Consider the example script here. Use F-statistics and save the associated effect as the following:
- Calculate the coefficients for regressors using least squares.
fprintf('GLM estimation....');
beta=inv(contrast'*contrast)*contrast'*stc;
error=(stc-contrast*beta);
error_sig2=sum(error.^2,1)./(size(stc,1)-size(contrast,2));
df=size(stc,1)-rank(contrast);
- Calculate the effect and the associated F-statistics. Here effects are multiple contrast images, each of which corresponds to one HRF basis.
%effect from F-test (more than 1 HRF basis)
cc_tmp=kron(cc_hdr(:),eye(size(HDR0,2)))';
for cc_idx=1:size(cc_tmp,1)
cc=zeros(size(w_beta,1),1);
cc(1:size(cc_tmp,2))=cc_tmp(cc_idx,:);
t_stat(cc_idx,:)=cc'*w_beta./sqrt(w_error_sig2.*(cc'*inv(w_contrast'*w_contrast)*cc));
effect(cc_idx,:)=cc'*w_beta;
end;
NOTE: w_beta, w_error_sig2, and w_contrast are identical to beta, error_sig2, and contrast, respectively, if no auto-regressive modeling on the fMRI time series.
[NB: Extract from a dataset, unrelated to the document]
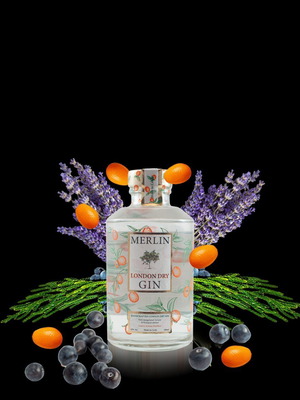 Merlin London Dry Gin 200ml new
2. 2-nd level analysis on an individual
2.1 Calculate the statistics related for a single hypothesis.
Consider the example script here. The following are codes to get Z-scores for a single hypothesis. Basically it's just averaging.
for d_idx=1:length(subject)
fprintf('{%s}::[%s]...(%04d|%04d)....\r',file_stem{f_idx},subject{d_idx},d_idx,length(subject));
fn=sprintf('%s/%s/analysis/%s-%s.stc',data_path,subject{d_idx},file_stem{f_idx},hemi_str);
if(exist(fn))
[stc,v]=inverse_read_stc(fn);
stc_all(f_idx).stc(:,counter,hemi)=stc(:,1);
if(counter==1)
tmp=stc(:,1);
tmp2=stc(:,1).^2;
else
tmp=tmp+stc(:,1);
tmp2=tmp2+stc(:,1).^2;
end;
counter=counter+1;
end;
end;
fprintf('\n');
stc_avg=tmp./counter;
tmp2=tmp2./counter;
stc_std=sqrt(tmp2-stc_avg.^2);
stc_z=stc_avg./stc_std.*sqrt(counter-1);
You can also implement another GLM on saved individual effects as the 1-st level analysis. See 1.1 above.
2.2 Calculate the statistics related to a composite hypothesis.
Consider the example script here. An F-statistics is calculated.
for v_idx=1:size(stc_all,1)
buffer=squeeze(stc_all(v_idx,:,:))';
D=ones(size(buffer,1),1); %average....
beta=inv(D'*D)*D'*buffer;
res=buffer-D*beta;
S=res'*res./size(res,1);
T2=beta*inv(S)*beta'.*size(res,1); %hotelling's t squares
F(v_idx)=T2.*(size(res,1)-size(beta,2))./(size(res,1)-1)./size(beta,2);
end;
dof_num=size(buffer,2);
dof_den=size(res,1)-size(buffer,2);
stc_all is a 3D data matrix of effects across individuals (#voxel x #hypothesis x #individual). In this example, we test a composite null hypothesis of all hypothesis effect is zero. The resultant F is the group-level statistics with degrees of freedom dof_num and dof_den.